I think alot of people have problems manifesting their desires while following the law of attraction because of a few reasons: they don’t really believe they will receive the desire (resistance); they don’t want it bad enough (burning desire); or they are not focusing on the true desire. Its easy to cut pictures out of magazines, write affirmation statements and read books, but its harder to change your thoughts to align with your desires and to truly believe that well-being is always flowing to you.  

 

Making Your Dreams Come True

I think our culture promotes material things as markers of success.  These can be markers of financial success but there are other arenas where one can be successful. In my opinion, to truly be successful, you must strike a balance between the different areas of your life. We’ve all heard stories of business giants who were married 5 times, or spiritual leaders who’ve had financial problems. Its hard to be happy with your perfect mate if you’re worried about keeping the lights on, or be dedicated to your career when you have no one to go home to at the end of a long day.  

 

One thing that may help you along your journey is evaluating how close your dreams are to who you really are. Your best friend may want a white, two-story house equipped with picket fence, husband, 2.5 kids and a dog. Whereas you may be driven to reach CEO status of a major corporation. She won’t be happy reaching your dream, just as you’ll be miserable in the attainment of hers. Thats why I question the one-size-fits-all markers of financial success that alot of people cling to. Whats different about me, though, is that I don’t believe that money is the root of all evil and I don’t have a negative viewpoint on material possessions as goals.
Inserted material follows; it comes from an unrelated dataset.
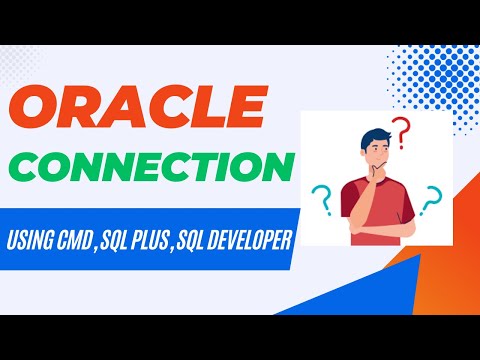 How to Oracle Connection using CMD, SQL Plus, Sql Developer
I just want you to really understand what you’re asking for, how it will fit into your life, and if that possession will truly make you happy.  

 

There’s nothing worse than achieving a goal, only to realize that it didn’t make you happy.  

 

On the flip side of that, I believe that one of the reasons that we live is to experience the journey of life. So you should enjoy the manifestation of that mansion on your vision board, just as much as you enjoy turning your new keys in the lock for the first time. If its solely about the thing, then what happens when you get it? You should ask yourself these questions as well.  

 

Lastly, another pitfall of material possessions as markers of success is the emptiness that can come after their attainment. Once you have the house, the car, the vacation, what next? What will you dream about after that? If you choose goals that are true to you, your dreams will grow and change along with you. So for me, once I manifest my Audi, my luxury home and my wonderful husband, my next dreams will be based on our shared goals and other personal goals, such as writing my first book, expansions of my online business, etc.  

 

You can be, do or have anything and everything you want. What are the goals, dreams and aspirations that you’re working toward?